Nestor knew well enough. Hadn't his flyer gone the same way, melting into stench and evaporation? But to pull out the pegs… what if this creature were still dangerous?

The laughter which swelled in his mind then was bitter, and filled with a painful irony. Dangerous? Oh, I was, it's true! But now? I have no leech; I am broken, gutted, an empty shell. But you… you are, or you were, Szgany. And you have things in you other than the morbid emotions of the Wamphyri. For a little while longer, at least. Which is why I beg you one last time; pull out the pegs.

Nestor did it, and crawled on. In a little while he could get to his feet. He looked back, and Vasagi was still stretched there; he hadn't moved; perhaps he couldn't. Nestor put him out of his mind and went to his flyer.

The beast saw him coming and looked at him through stupid, lustreless eyes. He approached it carefully, for he saw how it could roll or flop on him and crush his life out. But it was of vampire stuff and sensed the vampire in Nestor; it blinked its great eyes nervously as he took hold of its trappings, no more than that. Then, as he dragged himself up into the saddle, he saw Vasagi's bloody gauntlet hanging from a strap, where Wran had left it for him. Of course, for what's a Lord of the Wamphyri without his gauntlet?

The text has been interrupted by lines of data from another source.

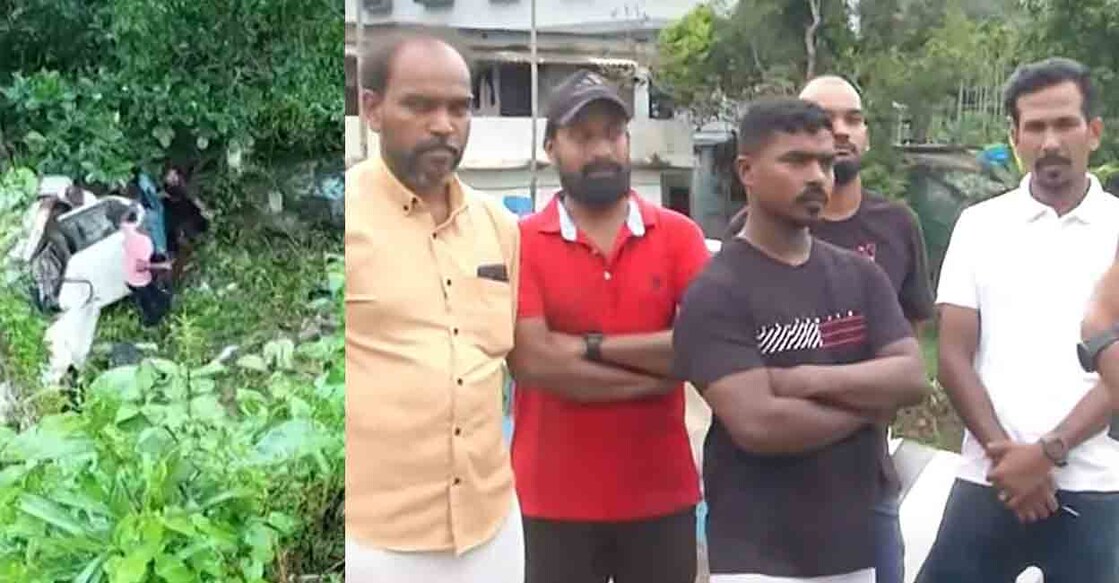 A snap of the rescue and the tourists from Malappuram who were involved in it. Photo: Manorama Online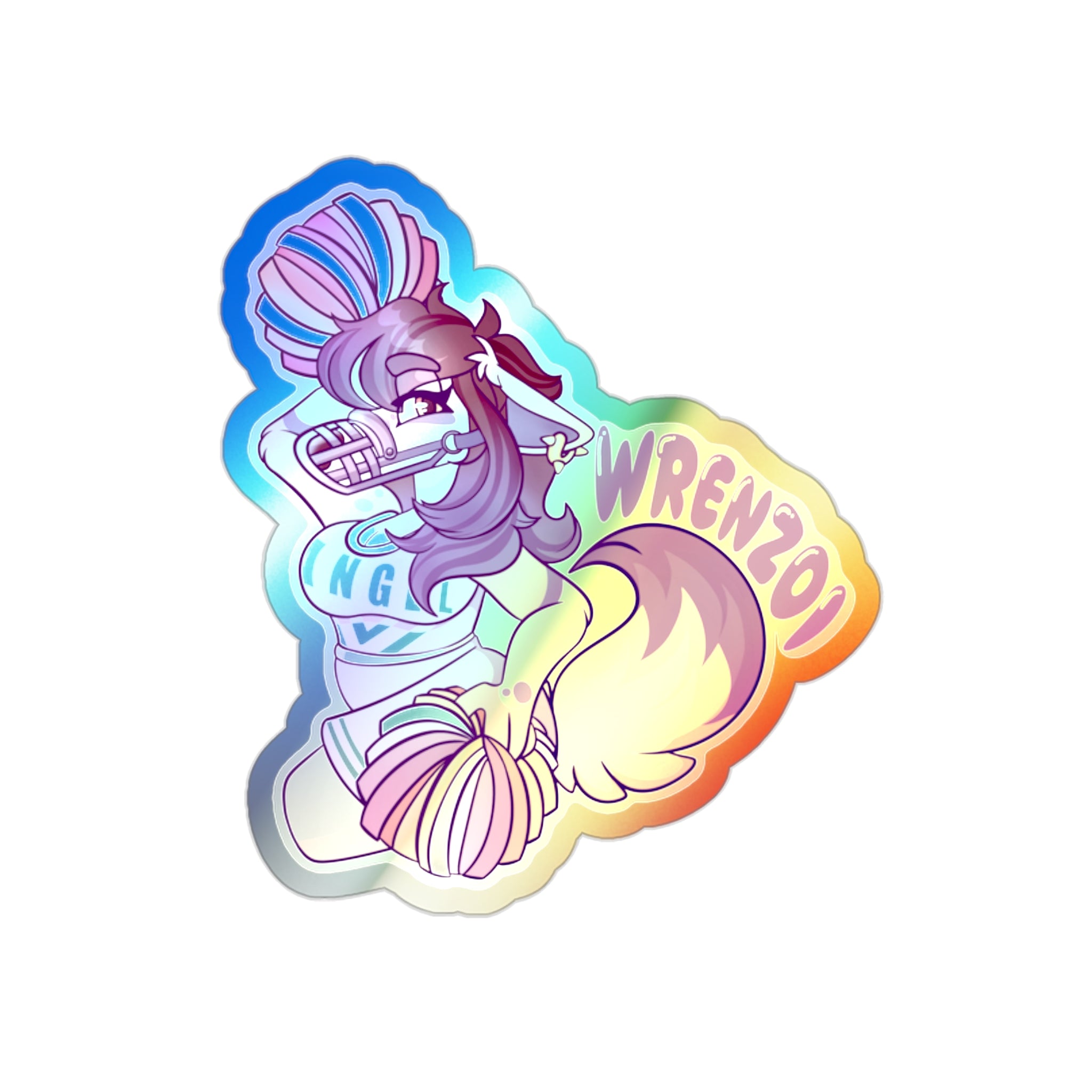 CHEERLEADER WREN HOLO STICKERS (ART BY KOZI_KRYPTID)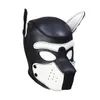 Brand New Fashion Imbottito in lattice di gomma Gioco di ruolo Maschera per cani Cucciolo Cosplay Full Face con orecchie Maschere per feste di Halloween a 4 colori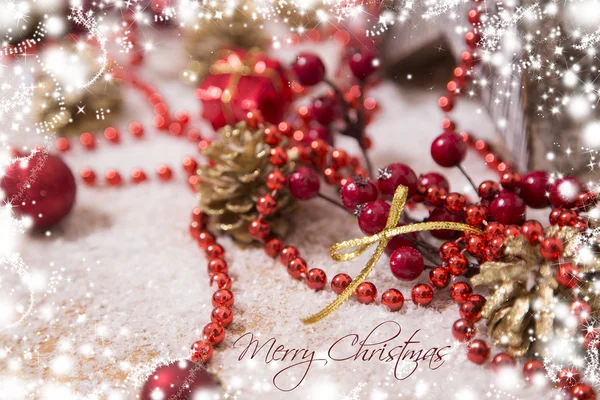 Christmas postcard with greetings — Stock Photo, Image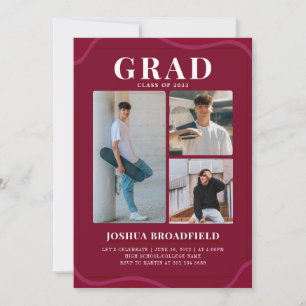 Invitation 3e année Photo Moderne Bourgogne Graduation Party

Sunside was all hazy grey and green now, with mists rising out of the dark forests and blue smoke from distant campsites and townships, and all the birds waking up, commencing their dawn chorus. Central on the southern horizon, a yellow glow threatened at any moment to become a golden furnace.

Nestor dug his heels into his mount's sides at the base of its swaying neck, and gave a tentative jerk on the reins. 'Up,' he grunted. 'Let's be away.'

The creature craned its neck, looked at him curiously, stretched its manta wings — and did nothing. Nestor slapped its neck and the grey flesh twitched a little — that was all. 'Up!' he shouted, digging harder with his heels where rasps on Vasagi's boots had furrowed the beast's flanks. It grunted and quivered, but sat still. The answer was in Nestor's head, and finally he found it there.

I want you to fly! he told the creature. Up, now, into the sky, and home to Starside. Or would you rather melt when the sun comes up? Metamorphic muscles bunched then, and the flyer's thrusters coiled themselves as tight as springs. But still the beast would not, could not obey him. Till suddenly Vasagi's almost exhausted 'voice' joined Nestor's: Aye, you were ever a faithful beast. When I told you to stay, you stayed. But now you are his. It pleases me to give you to him.. for a while, at least. So fly — fly!